2. Aux termes de l'article L. 521-4 du code de justice administrative : « Saisi par toute personne intéressée, le juge des référés peut, à tout moment, au vu d’un élément nouveau, modifier les mesures qu’il avait ordonnées ou y mettre fin ».
3. Si l’exécution d’une ordonnance prononçant une injonction sur le fondement de l’article L. 521-3 du code de justice administrative peut être recherchée dans les conditions définies par les articles L. 911-4 et L. 911-5 du même code, l’existence de cette voie de droit ne fait pas obstacle à ce qu’une personne intéressée demande au juge des référés, sur le fondement de l’article L. 521-4 du même code, de compléter la mesure d’injonction demeurée sans effet en en modifiant le délai d’exécution ou en prononçant une astreinte destinée à assurer cette exécution, l’inexécution de la décision juridictionnelle présentant le caractère d’un élément nouveau au sens des dispositions dudit article L. 521-4 du code de justice administrative.
4. Il ne résulte pas de l’instruction que le préfet des Hauts-de-Seine, qui n’a pas adressé d’observations au tribunal en réponse à la communication de la requête, ait exécuté l’ordonnance n°2517027 rendue le 14 octobre 2025, alors que le délai de sept jours qui lui avait été accordé est expiré. Ce défaut d’exécution constitue un élément nouveau qui justifie que soit modifié le dispositif de cette ordonnance. Dans les circonstances de l’espèce, il y a lieu d’assortir l’injonction prononcée par l’ordonnance n °2517027 du 14 octobre 2025 d’une astreinte de 100 euros par jour de retard, faute d’exécution dans un délai de huit jours à compter de la notification de la présente ordonnance.
5. Il y a lieu, dans les circonstances de l’espèce, de mettre à la charge de l’État la somme de 800 euros à verser à Mme B... en application des dispositions de l’article L. 761-1 du code de justice administrative.
O R D O N N E :
Article 1er : L’injonction prévue à l’article 1er de l’ordonnance n°2517027 de l’ordonnance du 14 octobre 2025, faisant obligation au préfet des Hauts-de-Seine, de fixer un rendez-vous à Mme B... dans un délai de sept jours à compter de la notification de la présente ordonnance, afin de lui remettre son titre de séjour en cours de validité, et de lui permettre de déposer une demande de renouvellement dudit titre de séjour, est assortie d’une astreinte journalière de 100 euros par jour de retard à compter d’un délai de huit jours après la notification de la présente ordonnance et jusqu'à la date à laquelle cette ordonnance aura reçu exécution.
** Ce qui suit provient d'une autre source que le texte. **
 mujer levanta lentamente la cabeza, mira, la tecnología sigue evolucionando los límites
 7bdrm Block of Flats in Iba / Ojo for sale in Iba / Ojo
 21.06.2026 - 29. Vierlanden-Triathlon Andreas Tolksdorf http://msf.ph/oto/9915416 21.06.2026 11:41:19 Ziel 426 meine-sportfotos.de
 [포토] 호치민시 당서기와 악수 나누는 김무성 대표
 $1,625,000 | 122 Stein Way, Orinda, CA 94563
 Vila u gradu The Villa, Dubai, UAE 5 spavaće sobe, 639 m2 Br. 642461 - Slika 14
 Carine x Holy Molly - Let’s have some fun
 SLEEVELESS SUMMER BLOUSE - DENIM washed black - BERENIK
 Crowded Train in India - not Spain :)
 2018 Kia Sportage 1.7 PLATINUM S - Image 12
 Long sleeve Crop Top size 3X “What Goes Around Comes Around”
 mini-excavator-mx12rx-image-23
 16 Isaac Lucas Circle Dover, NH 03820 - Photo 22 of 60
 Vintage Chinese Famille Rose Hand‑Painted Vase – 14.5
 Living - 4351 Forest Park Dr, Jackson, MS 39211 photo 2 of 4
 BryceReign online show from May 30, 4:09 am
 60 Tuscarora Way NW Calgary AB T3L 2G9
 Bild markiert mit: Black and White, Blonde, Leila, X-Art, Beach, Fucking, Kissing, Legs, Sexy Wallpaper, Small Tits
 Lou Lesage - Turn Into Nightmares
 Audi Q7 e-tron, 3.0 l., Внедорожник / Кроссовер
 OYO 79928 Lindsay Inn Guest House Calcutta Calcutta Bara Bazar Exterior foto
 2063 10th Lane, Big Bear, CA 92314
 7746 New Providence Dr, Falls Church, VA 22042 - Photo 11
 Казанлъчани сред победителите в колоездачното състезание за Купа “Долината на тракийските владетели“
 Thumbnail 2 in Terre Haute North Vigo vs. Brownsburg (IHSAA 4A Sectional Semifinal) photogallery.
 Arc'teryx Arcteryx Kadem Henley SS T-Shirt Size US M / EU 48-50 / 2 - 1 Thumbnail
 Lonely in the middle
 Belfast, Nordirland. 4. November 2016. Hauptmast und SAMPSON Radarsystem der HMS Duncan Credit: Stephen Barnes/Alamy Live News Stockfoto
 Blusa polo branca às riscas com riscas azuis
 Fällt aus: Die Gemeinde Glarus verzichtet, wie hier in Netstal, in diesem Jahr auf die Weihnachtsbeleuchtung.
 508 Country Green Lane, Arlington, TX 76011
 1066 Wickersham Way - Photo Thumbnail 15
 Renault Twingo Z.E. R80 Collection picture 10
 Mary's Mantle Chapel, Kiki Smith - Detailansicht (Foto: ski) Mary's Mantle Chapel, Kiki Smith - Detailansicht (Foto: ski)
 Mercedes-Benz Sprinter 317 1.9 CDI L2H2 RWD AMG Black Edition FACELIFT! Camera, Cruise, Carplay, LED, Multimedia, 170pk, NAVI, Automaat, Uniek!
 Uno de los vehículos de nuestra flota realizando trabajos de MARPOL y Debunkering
Le préfet communiquera au greffe du tribunal copie des actes justifiant des mesures prises pour exécuter la présente ordonnance.
Article 2 : L’Etat versera à Mme B... une somme de 800 euros en application de l’article L. 761-1 du code de justice administrative.
Article 3 : Le surplus des conclusions de la requête est rejeté.
Article 4 : La présente ordonnance sera notifiée à Mme A... B... et au préfet des Hauts-de-Seine.
Fait à Cergy, le 10 novembre 2025.
Le juge des référés,
Signé
G. Jacquelin
La République mande et ordonne au ministre de l’Intérieur en ce qui le concerne ou à tous commissaires de justice à ce requis en ce qui concerne les voies de droit commun, contre les parties privées, de pourvoir à l'exécution de la présente décision.